The Slave Power or Slaveocracy was the perceived political power in the U.S. federal government held by slave owners during the 1840s and 1850s, prior to the Civil War. Antislavery campaigners during this period bitterly complained about what they saw as disproportionate and corrupt influence wielded by wealthy Southerners. The argument was that this small group of rich slave owners had seized political control of their own states and were trying to take over the federal government in an illegitimate fashion in order to expand and protect slavery. The argument was widely used by the Republican Party that formed in 1854–55 to oppose the expansion of slavery.

The main issue expressed by the term slave power was distrust of the political power of the slave-owning class. Such distrust was shared by many who were not abolitionists; those who were motivated more by a possible threat to the political balance or the impossibility of competing with unwaged slave labor, than by concern over the treatment of slaves. Those who differed on many other issues (such as hating blacks or liking them, denouncing slavery as a sin or promising to guarantee its protection in the Deep South) could unite to attack the slaveocracy. The "Free Soil" element emphasized that rich slave owners would move into new territory, use their cash to buy up all the good lands, then use their slaves to work the lands, leaving little opportunity room for free farmers. By 1854 the Free Soil Party had largely merged into the new Republican party.

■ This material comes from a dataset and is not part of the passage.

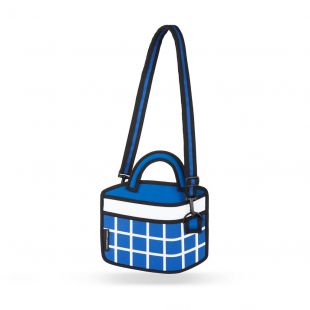 Dark Blue Checked Handbag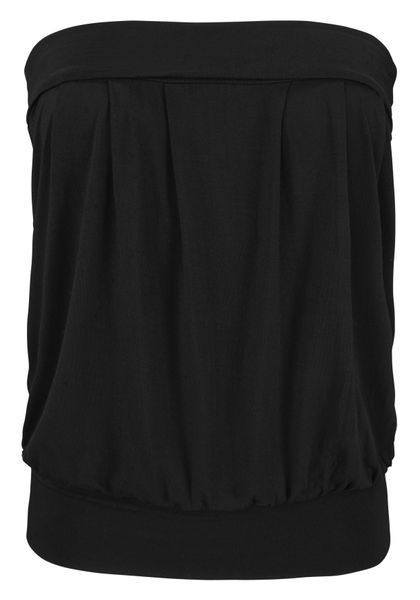 LASCANA Bandeautop mit schmeichelnder Raffung, schulterfrei, elastisch günstig online kaufen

The term was popularized by antislavery writers such as John Gorham Palfrey, Josiah Quincy III, Horace Bushnell, James Shepherd Pike, and Horace Greeley. Politicians who emphasized the theme included John Quincy Adams, Henry Wilson and William Pitt Fessenden. Abraham Lincoln used the concept after 1854 but not the term. They showed through a combination of emotive argument and hard statistical data that the South had long held a disproportionate level of power in the United States. Historian Allan Nevins contends that "nearly all groups ... steadily substituted emotion for reason. ... Fear fed hatred, and hatred fed fear."